Especially smaller companies often fall prey to the deceptive assumption that compliance violations are a problem for the “big fish”. Believing in the principle that “nothing will go wrong” is not only naive, but also clearly negligent. Even smaller companies are not flying under the radar, as the GDPR alone affects many software products for end users. In addition to endangering the privacy of end users, carelessly ignoring data protection vulnerabilities can also jeopardize the reputation of the company and its managers. In many cases, it can even lead to notoriously severe fines. This is especially true when it comes to repeat violations, or if previous evaluations such as penetration tests and security reviews have clearly indicated vulnerabilities or if they were not conducted in the first place.

Simply ignoring the issue is not an option. Consequently, architects and developers need to consistently keep up with modern technologies and proven standard procedures. After all, regulations such as the GDPR demand that data protection is always based on the latest state-of-the-art technology. Although there is frequently updated guidance on the definition of this term [2] along with specific recommendations for action, there is no binding reassurance. This problem is also not resolved by working with auditors, because they usually do not support companies in the detailed implementation of these technical measures. In all actuality, they concentrate more on checking the documented procedures than on the actual implementation. Companies also often overlook that compliance requirements must already be considered during architecture design. The illusion that compliance is an appendage that can be retrofitted later is misleading. A targeted design that takes data protection and information security into account from the very beginning is crucial to avoid costly redesigns later on.

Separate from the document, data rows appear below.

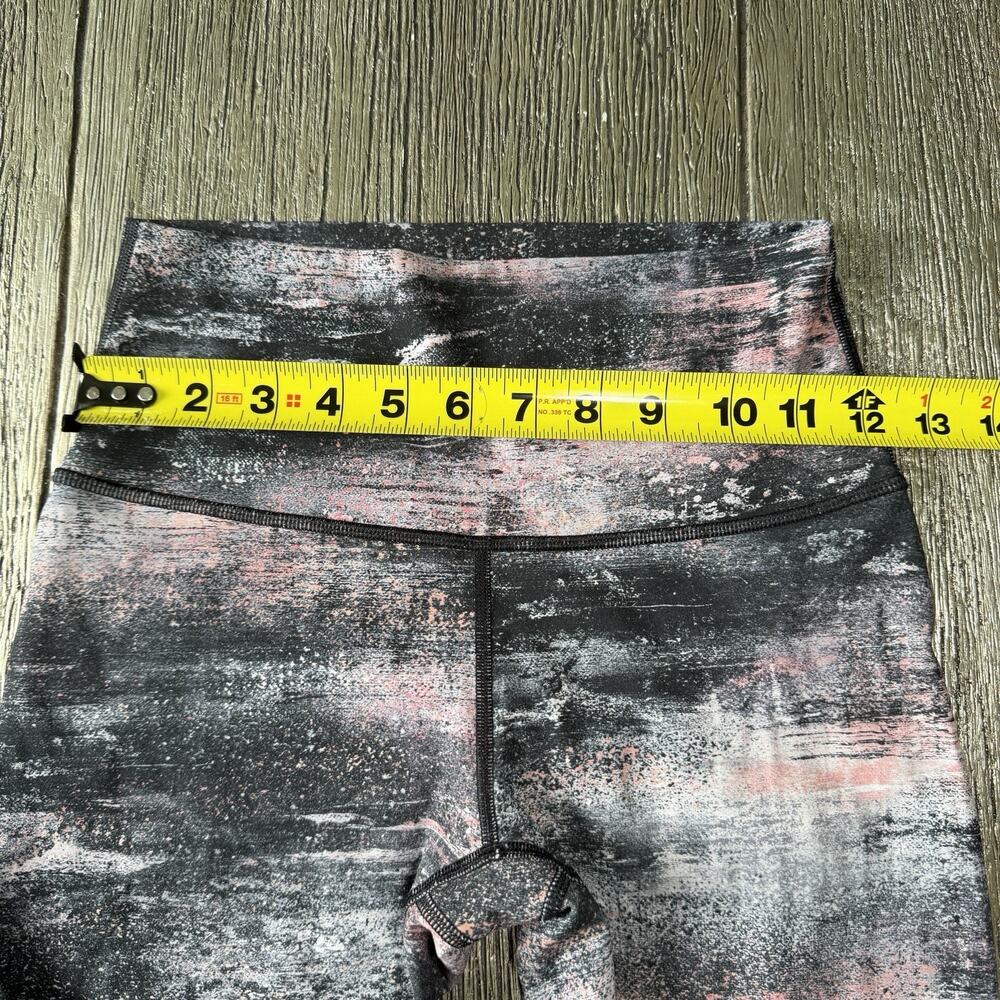 Lululemon Wunder Under High-Rise 7/8 Tight Full-On Luxtreme 25" Sz 4 - Picture 2 of 7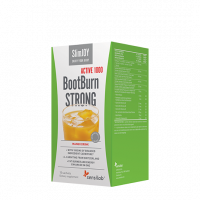 BootBurn Strong ACTIVE
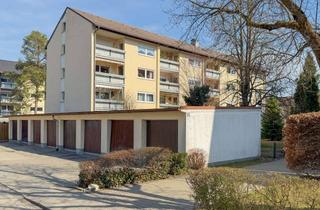 Wohnung kaufen in 82515 Wolfratshausen, Ihr Vermögen in sicheren Händen - solide Rendite statt hohes Risiko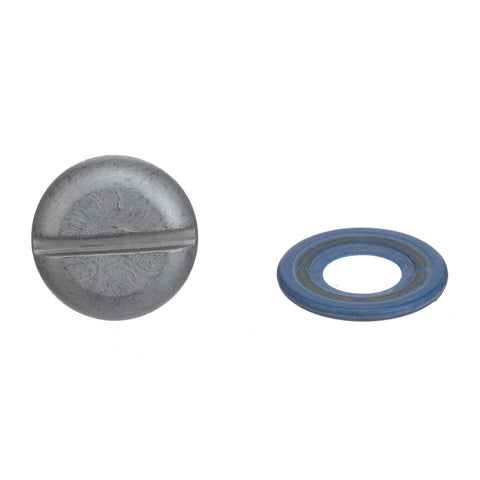 Mercury Marine Qualifies for Free Shipping Mercury Fill and Drain Screw Kit #8M0083059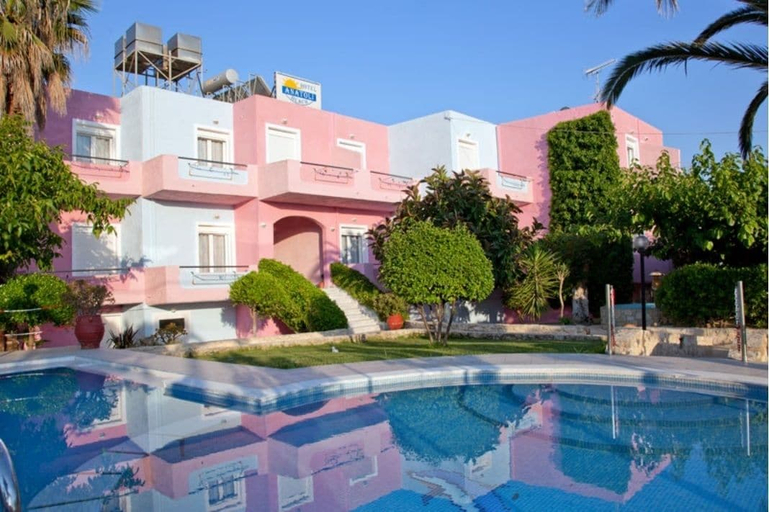 Exterior & Views 2, Anatoli Beach, Crete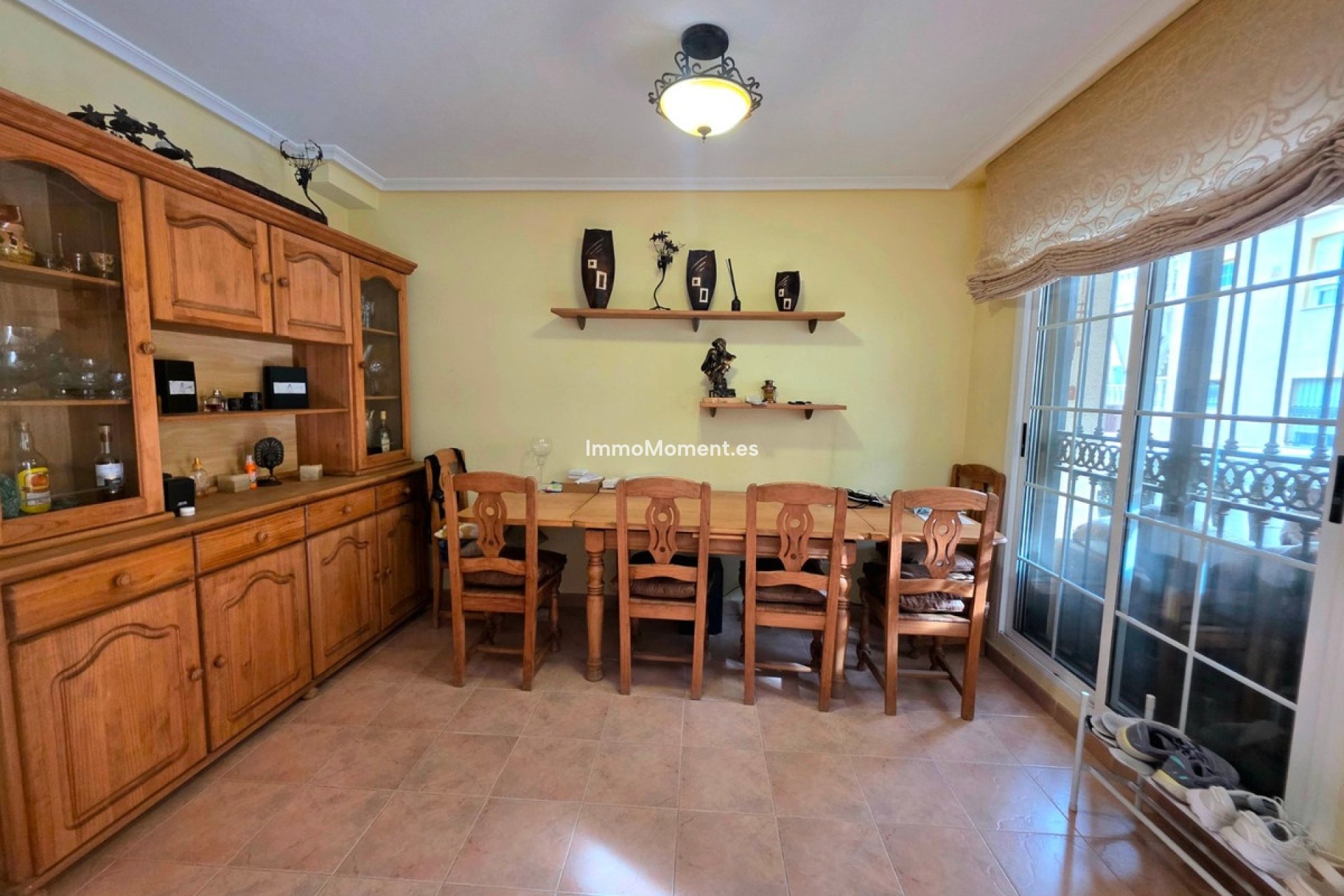 Bestaande woning - Rijtjeshuis - Guardamar del Segura - Guardamar del Segura Centro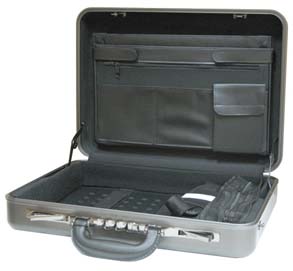 ���� ��� �������� Portcase ACL-3
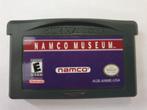 NAMCO MUSEUM, Spelcomputers en Games, Games | Nintendo Game Boy, Sport, Gebruikt, Ophalen of Verzenden, 1 speler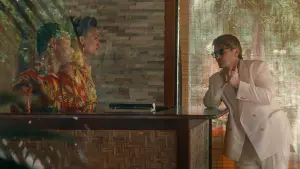 Backdrop to the movie "Pacifiction" #373416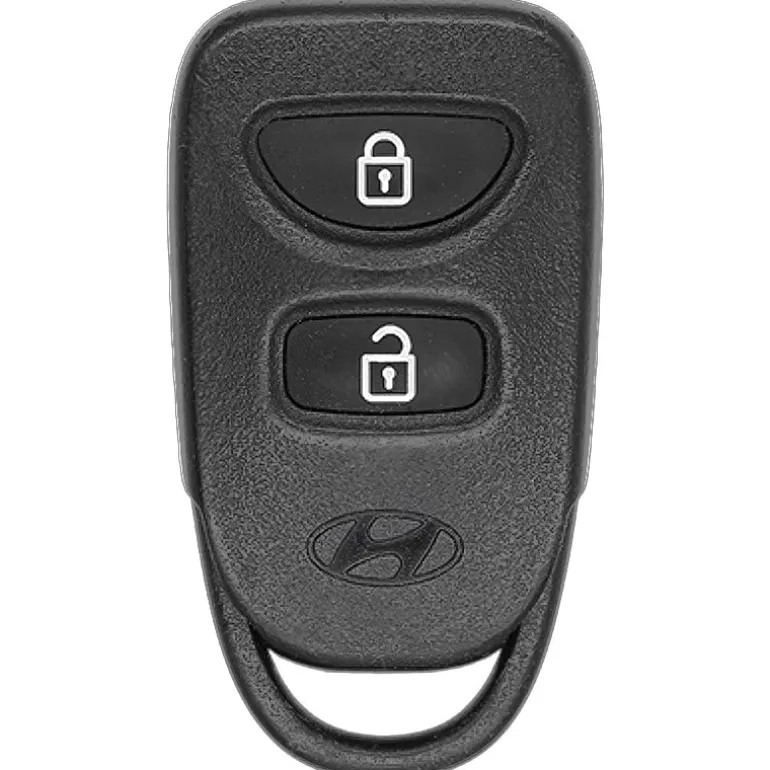 2017 Hyundai Accent Regular Remote TQ8-RKE-4F14, PN: 95430-1R300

Especially among companies in less regulated industries, there is often a lack of understanding of the critical aspects of their own system that are worth protecting. Taking GDPR compliance as an example, the right to erasure (right to be forgotten) of personal data places high demands on the traceability of data streams.

A typical example is a master data application for customers that is operated in a cloud as well as on-premises. If this application stores personal data, it must be able to identify and irreversibly erase all data requested by a customer. If personal data is stored in different databases, caches, backups, and messaging brokers, complete erasure through manual intervention cannot be guaranteed.

Another problem could arise from the interoperability of the various system components, if data flows through several layers or services and ultimately continues to services like SaaS offerings that are difficult to monitor. An architecture design that considers data protection requirements from the beginning allows these types of data flows to be sensibly managed and monitored.

Furthermore, precise knowledge of the criticality of the processed data as well as the services and interfaces that depend on it provides a strong foundation for deciding which parts of the system can be outsourced to a public cloud (e.g. under US control). However, it is also crucial to assess the cost of a cloud migration. It comes as no surprise that many legacy systems are left in on-premises operating environments despite their low criticality. The effort is simply not worth it, despite the attractive benefits offered by cloud operation.

Effective measures

In addition to the usual practice of ensuring compliance in companies, in our experience, the creation of supportive team structures and the adaptation of software delivery and operating processes are among the most effective measures. This includes:

Establishment of a federal compliance group
Accessibility of global policies and automated enforcement
Standardized software delivery pipelines and templates for all operating environments
Automated self-service interfaces for hybrid operation with pioneer teams

These points are discussed in more detail below.

Federal compliance group

In addition to centrally controlled specifications, other stakeholders, such as security experts and architects, also place more specific demands on the development teams. Some of these requirements are not formulated in specific terms or there is no direct contact person for follow-up questions. Instead, the definition of such requirements is discussed in small circles, while development teams are not directly involved. If development teams were more involved here, their valuable professional and technical expertise would flow into the definition of requirements, which would ultimately lead to practical and implementable specifications.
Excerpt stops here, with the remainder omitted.